À l’intérieur de ton métier, as-tu déjà vécu des expériences paranormales?

-J’imagine que ça dépends de notre définition du paranormal. J’ai été témoin de certaines situations particulières, par exemple, un homme qui décède, et son épouse des 50 dernières années, en pleine santé, décède 2 semaines après, comme s’ils ne pouvaient vivre l’un sans l’autre. Est-ce du paranormal, ou la fin d’une histoire d’amour?

-Dirais-tu qu’il y a autant de façons de réagir à la mort, qu’il y a de personnes sur terre?

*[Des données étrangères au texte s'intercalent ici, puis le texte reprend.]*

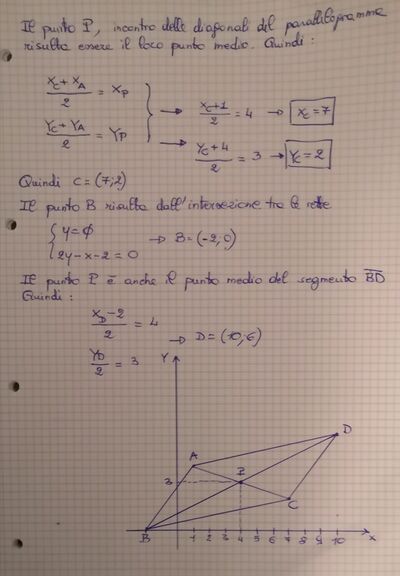 IMG 20220310 194315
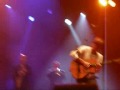 Jason Mraz - I\ Jason Mraz - I\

-Définitivement! Un deuil, c’est tellement personnel. La psychologie moderne a identifié certaines phases du deuil : le déni, la colère, le marchandage, la dépression, l’acceptation, et la reconstruction. La grande majorité des gens passe par ses étapes, dans un ordre ou un autre, et avec une intensité différente.
Les rituels funéraires facilitent la traversée du deuil, en permettant de faire face à la réalité, en ravivant les souvenirs signifiant, en activant le réseau de soutien, en permettant de s’exprimer, en trouvant un sens à la vie, et finalement en permettant l’acceptation et l’adaptation à une nouvelle vie, où le bonheur est possible.

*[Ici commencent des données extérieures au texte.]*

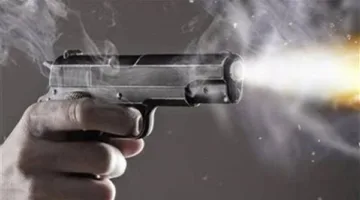 إصابة أربعة أفراد برصاص خلال حادث شجار في سوهاج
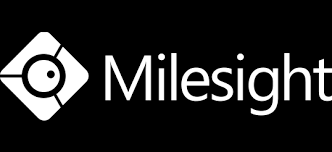 milesight.png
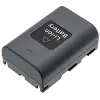Samsung SB-L110 SB-L70 SB-L70A battery replacement 7.4v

Beaucoup de constellations familiales éclatent après le décès d’un proche, en tant que gérante de salon funéraire, comment dois-tu composer avec ce genre de situations? Est-ce que les gens se confient à toi à ce sujet?

-Le rôle du thanatologue est de guider les clients dans la planification des rituels, et les étapes subséquentes d’administration, ainsi que de faciliter le deuil. Lorsqu’on mélange les émotions fortes, le pouvoir décisionnel et l’argent, forcément, on obtient un mélange explosif. Je tente alors de rester neutre, puisque je n’ai pas à prendre parti dans une chicane de famille. D’un point de vue légal, mon client est la personne qui a signé le contrat de services funéraires. Mais d’un point de vue humain, je tente de limiter les altercations, et d’informer tous les gens concernés, afin que toutes décisions soient éclairées. Un client bien informé sur les options offertes et les raisons de chaque option a plus de faciliter à prendre des décisions rationnelles, qui conviennent à la majorité.

À tous ceux qui ressentent l’appel de cette vocation, que voudrais-tu leur dire pour les aider à faire un choix éclairé?

-Il faut voir cette carrière comme une vocation, et écouter son instinct pour servir les clients au mieux, sans dépasser nos propres limites.
Pour être un bon thanatologue, il faut avoir le sens des responsabilités, le sens du devoir, et surtout une réelle volonté d’aider les gens en peine, de faire une différence, sans s’attendre à recevoir d’égard.

 

Avant de conclure cette entrevue fascinante, Marie-Pierre prend la peine d’ajouter:

-D’un point de vue médiatique nous sommes surexposés à la violence et la mort à l’échelle internationale. Toutefois, au travers des médias, on ne personnalise pas la douleur de la perte. D’un point de vue local, à proximité, nous sommes sous-exposés à la mort. Nous avons moins d’occasions de soutenir des proches au salon funéraire; nous en parlons moins. L’évidence de la mort n’est pas intégrée dans notre quotidien, et donc, lorsque nous devons y faire face, nous ne sommes pas préparés. Bien que depuis quelques années, les médias offrent une meilleure visibilité au milieu funéraire et aux rituels commémoratifs, la mort est encore taboue, et la réflexion personnelle de chacun sur le sujet de notre propre finalité reste ardue.

Merci Marie-Pierre Turgeon d’avoir démystifié, pour nos lecteurs, le métier de thanatologue, une vocation qui s’affirme, comme tu le démontres si bien, par le courage et la conviction!